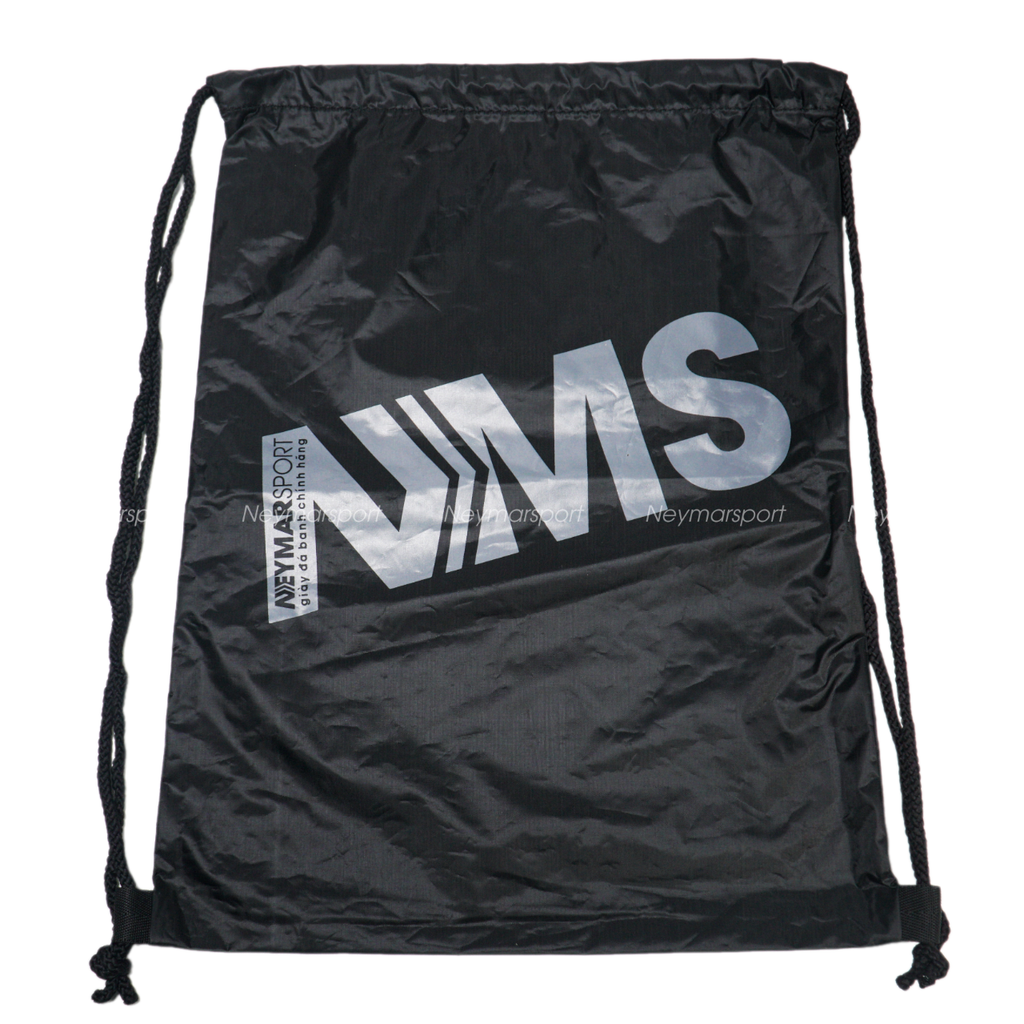 Túi Gymsack NEYMARSPORT màu ngẫu nhiên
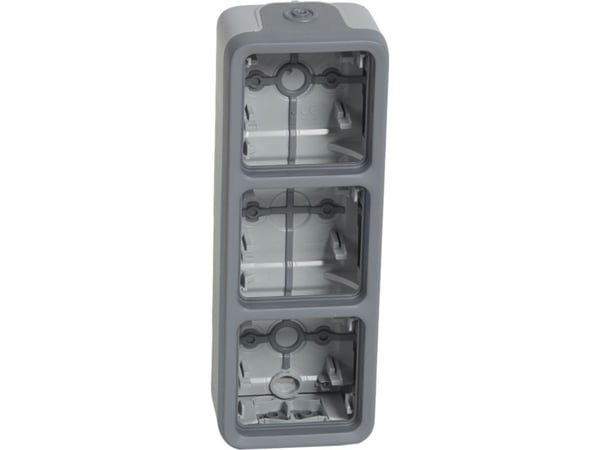 Legrand 069679, 1 styck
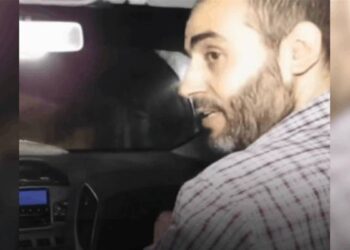 جيش الاحتلال يزعم العثور على جثمان القائد في كتائب القسام محمد السنوار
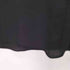 ステートオブマインド STATE OF MIND allow shirring ブラウス レディース JPN:M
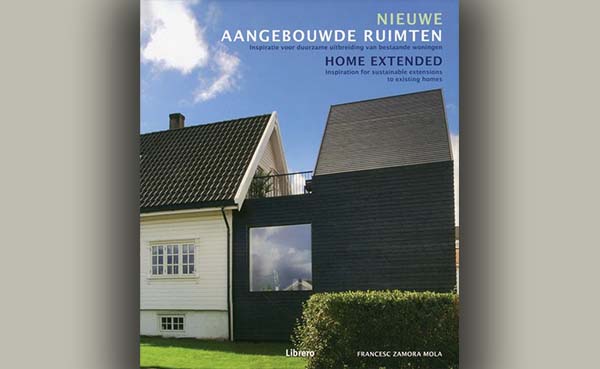 Nieuwe-aangebouwde-ruimten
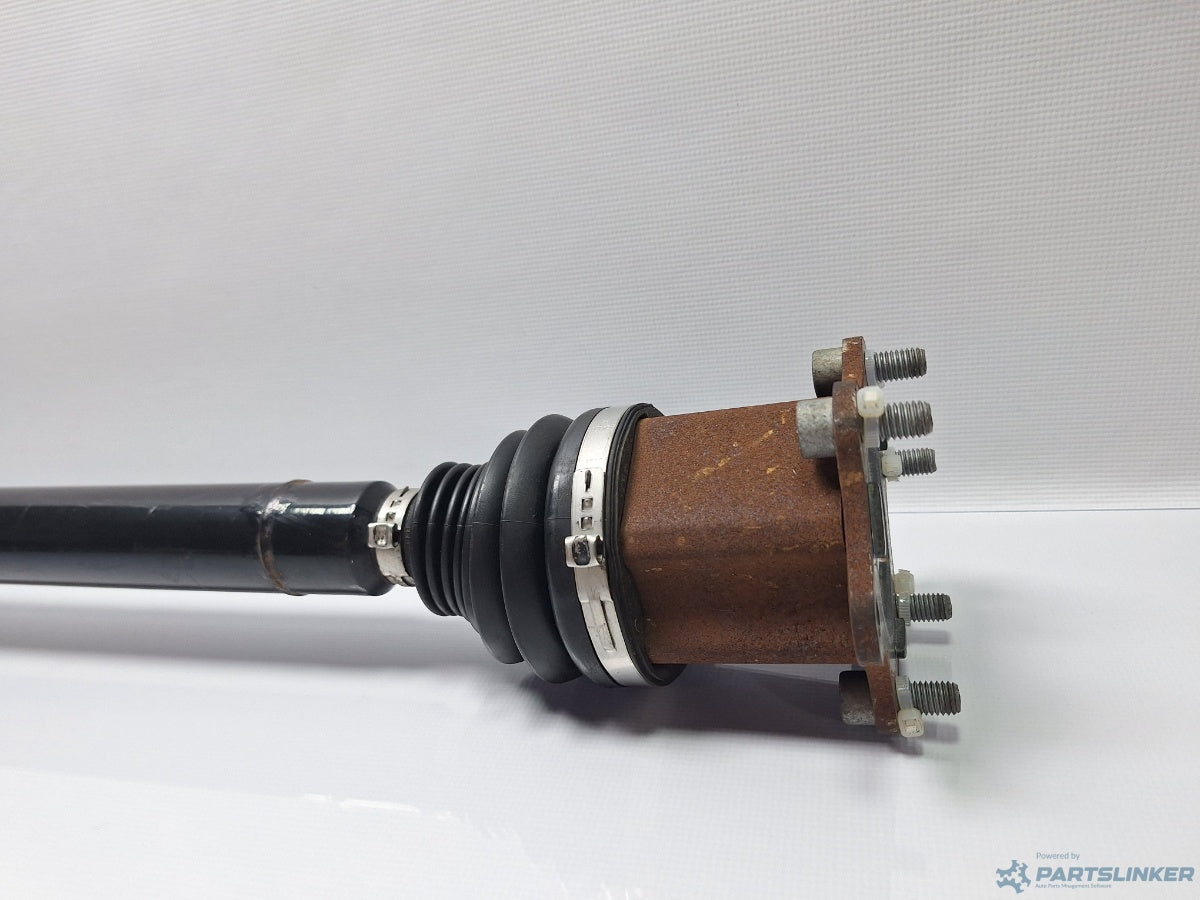 Planetara dreapta VOLKSWAGEN PASSAT Variant (3G5) [ 2014 - > ] TDI (CRLB, DBGA, DFGA) 110KW|150HP 3Q0407272AT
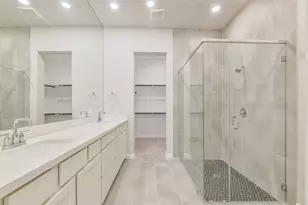 360 Summer Pl Dr, Montgomery, TX 77356 - Photo 24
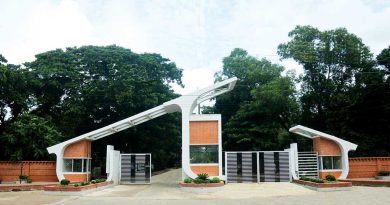 চুয়েটে সংকট নিরসনে উচ্চক্ষমতাসম্পন্ন কমিটি গঠনের নির্দেশ
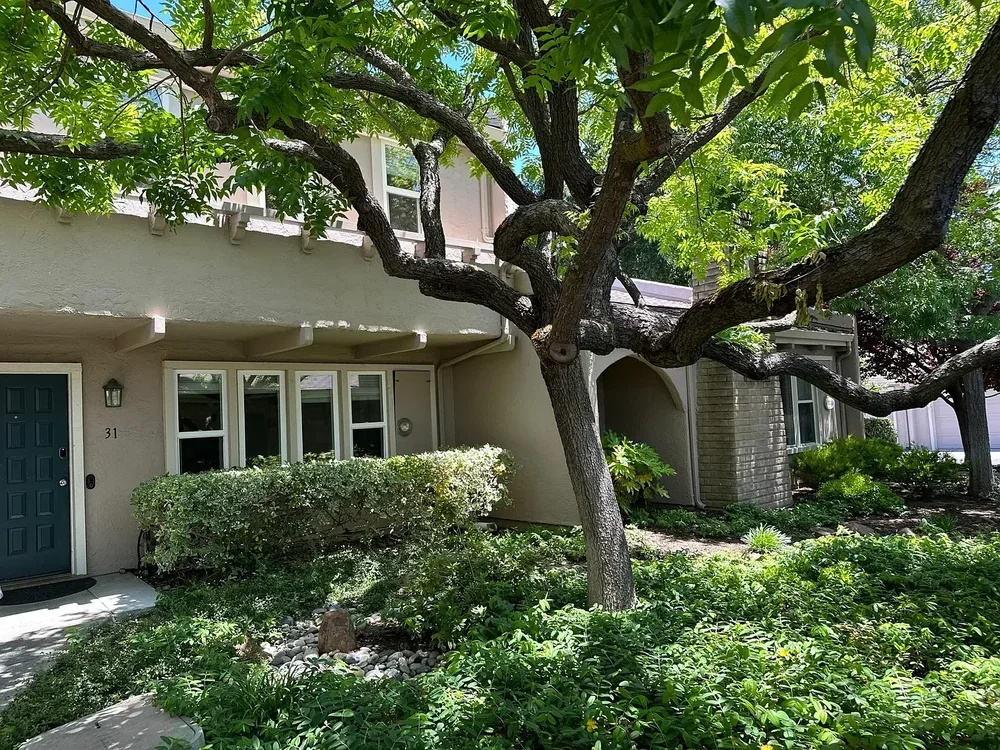 16345 Los Gatos Blvd #31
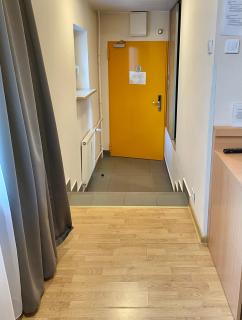 Poleczki Residence Apartments - Warschau - 6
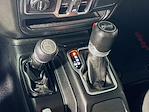 2019 Jeep Wrangler 4x4 SUV for sale #B80525 - photo 17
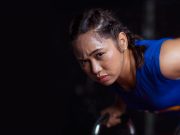 House urged to pass pro-athlete bills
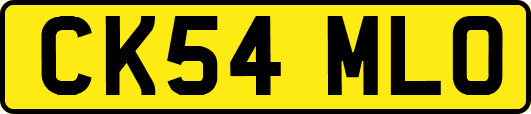CK54MLO
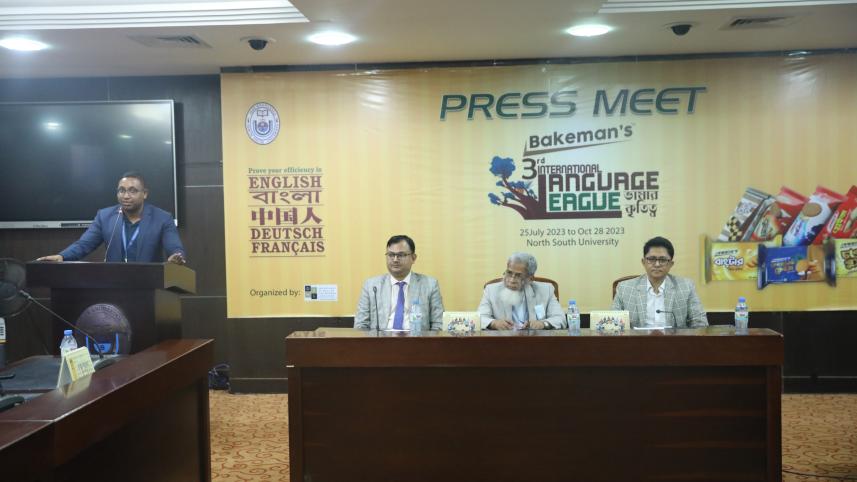 pr_photo.jpg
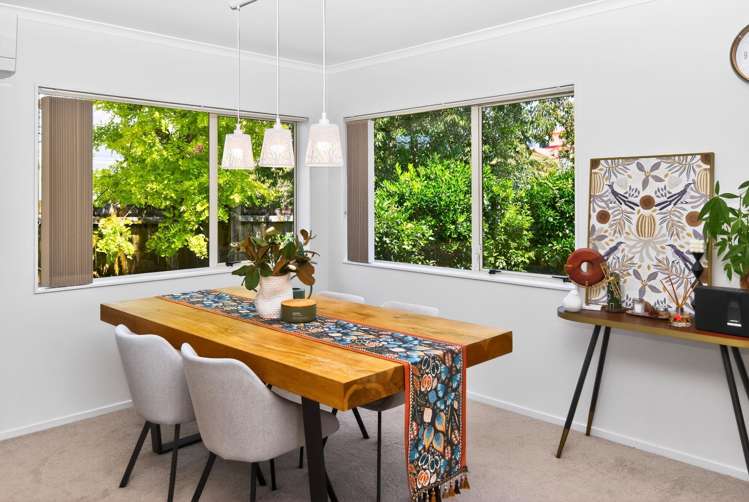 63 Cantora Avenue Northpark_7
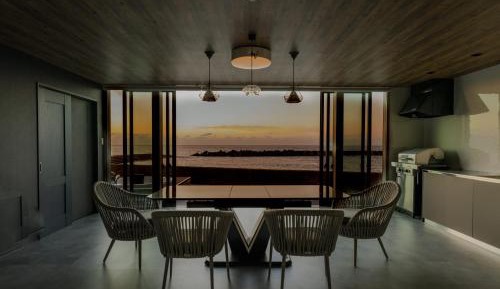 Standard Villa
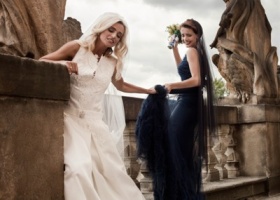 zdroj: soubojnevest.cz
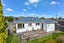 1/40 Maryhill Avenue, Hoon Hay, Christchurch - Carousel 4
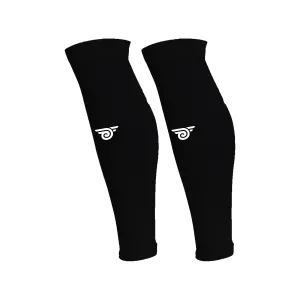 SI Guardians Sleeve Socks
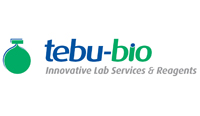 tebu bio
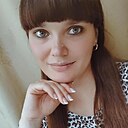 Знакомства: Ксения, 33 года, Москва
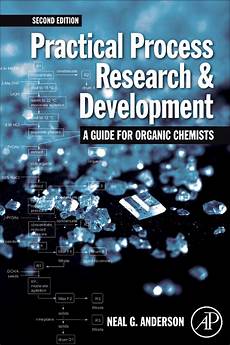 Solvent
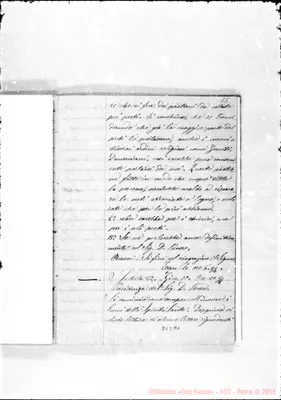 Fotogramma A 1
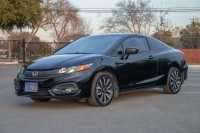 Image for 2015 Honda Civic EXL ID: 7164243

> **PROMPT**
Each line above from the one containing "Legrand 069679, 1 styck" through the one containing "Planetara dreapta VOLKSWAGEN" is to be returned verbatim. Nothing else, and no pictures.

> **RESULT OF THIS TASK**
 Legrand 069679, 1 styck
 جيش الاحتلال يزعم العثور على جثمان القائد في كتائب القسام محمد السنوار
 ステートオブマインド STATE OF MIND allow shirring ブラウス レディース JPN:M
 Nieuwe-aangebouwde-ruimten
 Planetara dreapta VOLKSWAGEN PASSAT Variant (3G5) [ 2014 - > ] TDI (CRLB, DBGA, DFGA) 110KW|150HP 3Q0407272AT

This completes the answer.